Les députés ont débattu de la possibilité donnée aux réfugiés ukrainiens de travailler et que l’on refuse aux autres. Cette différence de traitement doit cesser, s’accordent-ils à dire. Avec quelques nuances.
Les gens jasent beaucoup à ce sujet. Le député chrétien-social Marc Spautz l’affirme. «Les gens comprennent mal cette différence de traitement entre les réfugiés ukrainiens et les autres, comme les Syriens ou les Afghans, qui n’ont pas les mêmes droits», observe le député à la tribune de la Chambre.
Ce statut spécial de protection temporaire, accordé aux réfugiés ukrainiens dès leur arrivée sur le territoire de l’Union, renvoie tous les autres demandeurs de protection internationale (DPI) dans une classe inférieure alors qu’ils fuient un pays en guerre, abandonnant tout derrière eux. Comme le souligne Nathalie Oberweis (déi Lénk), ils débarquent dans un pays étranger, d’une tout autre culture, dans un nouveau climat et avec de nouvelles saveurs dans leurs assiettes. Le choc est rude.
Le député Marc Spautz, en demandant cette heure d’actualité, a été très vague dans l’énoncé du problème. Le débat devait s’inscrire «dans le contexte général d’une augmentation significative du nombre de demandes de protection internationale introduites au Luxembourg depuis plusieurs mois», selon un communiqué du ministère des Affaires étrangères et européennes du 12 novembre 2022 et, plus précisément, «dans le contexte des ressortissants ukrainiens ayant dû fuir leur pays suite à l’attaque russe».
Au final, il a recentré le sujet sur la possibilité donnée aux Ukrainiens de travailler, munis d’une autorisation d’occupation temporaire (AOT), sans aucune autre forme de considération, alors que les autres réfugiés «doivent tuer le temps», guettant une issue favorable à leur demande de protection qui peut prendre de longs mois. Puis, ils attendent deux ou trois ans que leur procédure soit complètement épuisée.
«Il n’y a pas un jour qui passe sans que quelqu’un ne se plaigne du manque de main-d’œuvre qualifiée dans ce pays», observe Marc Spautz, alors que les réfugiés «ont tous envie de faire quelque chose». Le Luxembourg qui est «au cœur de l’Europe», devrait montrer qu’il a «aussi du cœur», plaide le député chrétien-social.
Il conçoit que la chose n’est pas si simple et qu’un employeur a du mal à accorder un CDI à un travailleur qui n’est pas certain de pouvoir rester au Luxembourg.

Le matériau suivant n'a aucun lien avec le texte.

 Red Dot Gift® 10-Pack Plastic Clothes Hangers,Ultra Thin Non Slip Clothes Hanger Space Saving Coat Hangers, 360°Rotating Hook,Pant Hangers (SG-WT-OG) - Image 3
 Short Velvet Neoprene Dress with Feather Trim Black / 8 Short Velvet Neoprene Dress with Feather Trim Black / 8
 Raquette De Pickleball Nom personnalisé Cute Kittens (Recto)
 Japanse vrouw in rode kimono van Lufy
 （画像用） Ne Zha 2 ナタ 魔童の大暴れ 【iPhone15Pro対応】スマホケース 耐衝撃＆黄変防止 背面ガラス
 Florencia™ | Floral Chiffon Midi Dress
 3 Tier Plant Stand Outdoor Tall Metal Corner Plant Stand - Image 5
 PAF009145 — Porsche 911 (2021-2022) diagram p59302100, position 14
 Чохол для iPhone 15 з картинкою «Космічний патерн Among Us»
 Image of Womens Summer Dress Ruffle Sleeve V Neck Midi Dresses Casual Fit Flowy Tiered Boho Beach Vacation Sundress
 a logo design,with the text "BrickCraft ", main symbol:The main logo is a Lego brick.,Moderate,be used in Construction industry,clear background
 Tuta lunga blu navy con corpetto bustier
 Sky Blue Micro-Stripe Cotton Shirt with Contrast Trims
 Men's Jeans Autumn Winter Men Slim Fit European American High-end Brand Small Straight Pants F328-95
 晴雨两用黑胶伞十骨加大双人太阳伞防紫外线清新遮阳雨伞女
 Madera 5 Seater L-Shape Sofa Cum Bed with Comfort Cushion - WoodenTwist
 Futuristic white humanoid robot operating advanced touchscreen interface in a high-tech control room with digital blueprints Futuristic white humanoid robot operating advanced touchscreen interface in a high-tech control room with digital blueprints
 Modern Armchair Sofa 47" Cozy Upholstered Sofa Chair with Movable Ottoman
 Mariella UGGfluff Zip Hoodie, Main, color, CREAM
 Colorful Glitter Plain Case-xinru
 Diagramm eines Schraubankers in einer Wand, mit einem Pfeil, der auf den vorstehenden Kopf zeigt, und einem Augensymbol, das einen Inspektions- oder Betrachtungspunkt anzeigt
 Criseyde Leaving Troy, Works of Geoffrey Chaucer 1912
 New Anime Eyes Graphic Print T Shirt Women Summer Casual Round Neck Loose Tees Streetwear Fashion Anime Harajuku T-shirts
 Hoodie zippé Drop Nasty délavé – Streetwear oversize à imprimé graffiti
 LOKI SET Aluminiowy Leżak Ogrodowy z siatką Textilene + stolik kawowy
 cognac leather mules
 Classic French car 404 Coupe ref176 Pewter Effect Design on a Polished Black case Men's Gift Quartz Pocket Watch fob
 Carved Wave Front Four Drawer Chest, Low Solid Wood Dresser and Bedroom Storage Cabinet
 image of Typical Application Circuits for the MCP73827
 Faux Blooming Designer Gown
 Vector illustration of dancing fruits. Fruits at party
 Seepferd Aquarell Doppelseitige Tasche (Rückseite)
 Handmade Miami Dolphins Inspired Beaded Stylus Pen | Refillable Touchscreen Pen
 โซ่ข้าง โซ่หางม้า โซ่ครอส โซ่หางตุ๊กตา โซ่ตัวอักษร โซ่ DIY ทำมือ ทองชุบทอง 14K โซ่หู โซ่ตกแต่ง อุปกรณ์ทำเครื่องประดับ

Les initiatives doivent venir aussi de Bruxelles et il suggère à Georges Engel, ministre du Travail, de passer le message à Nicolas Schmit, un de ses prédécesseurs et actuel commissaire européen à l’Emploi.
Vers une simplification de l’AOT
La députée libérale Carole Hartmann rappelle que les DPI peuvent bénéficier d’une autorisation temporaire de travail s’ils n’ont pas obtenu de décision quant à leur demande de protection au bout de six mois. Il leur faut aussi une autorisation d’occupation temporaire qui peut être introduite par l’employeur. Et le tout est «exceptionnel».
«Que d’obstacles!», estime le député écolo Charles Margue qui a déjà eu l’occasion de plaider en faveur de l’ouverture du marché du travail à tous les réfugiés.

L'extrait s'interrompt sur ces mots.